[Data section Boundary: Start]
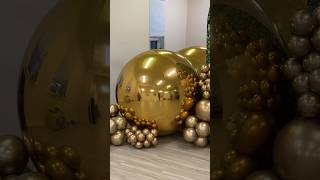 Giant Orb With Garland #balloons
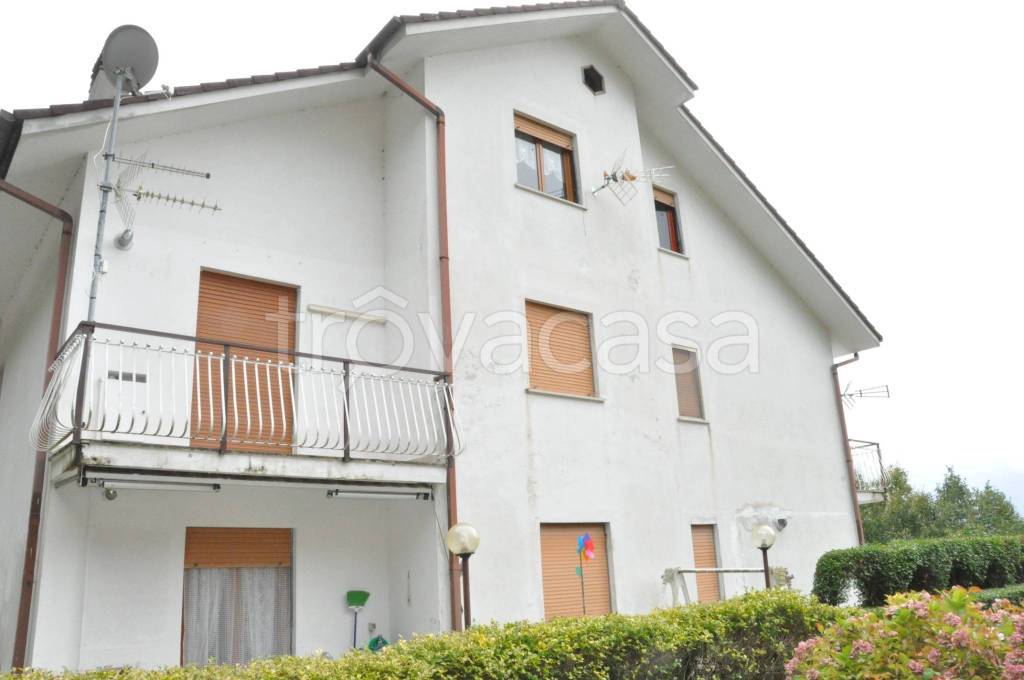 appartamento in vendita a Torriglia in zona Donetta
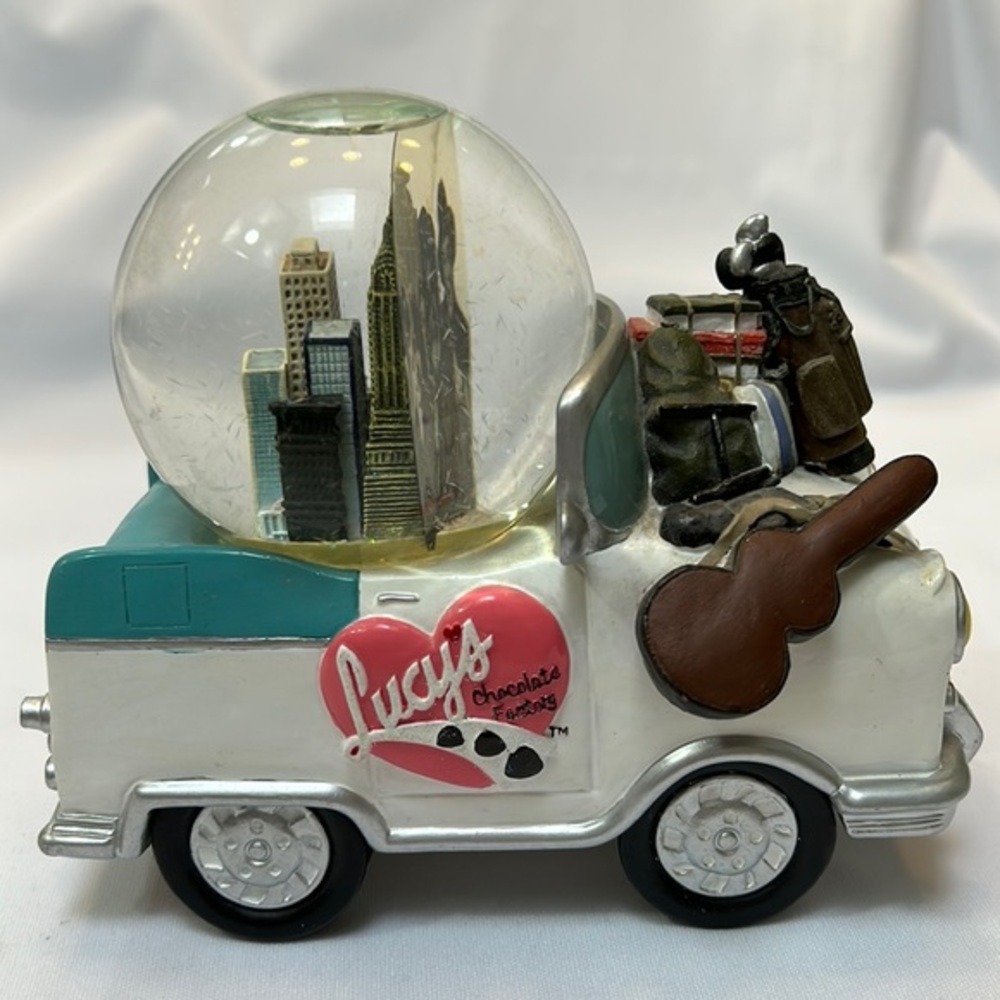 Vintage Lucy's Chocolate Factory Traveling Car Snow Globe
[Data section Boundary: End]
Exercise details | Please write out the entire listing above exactly, but leave the pictures out.

Task answer |
 Giant Orb With Garland #balloons
 appartamento in vendita a Torriglia in zona Donetta
 Vintage Lucy's Chocolate Factory Traveling Car Snow Globe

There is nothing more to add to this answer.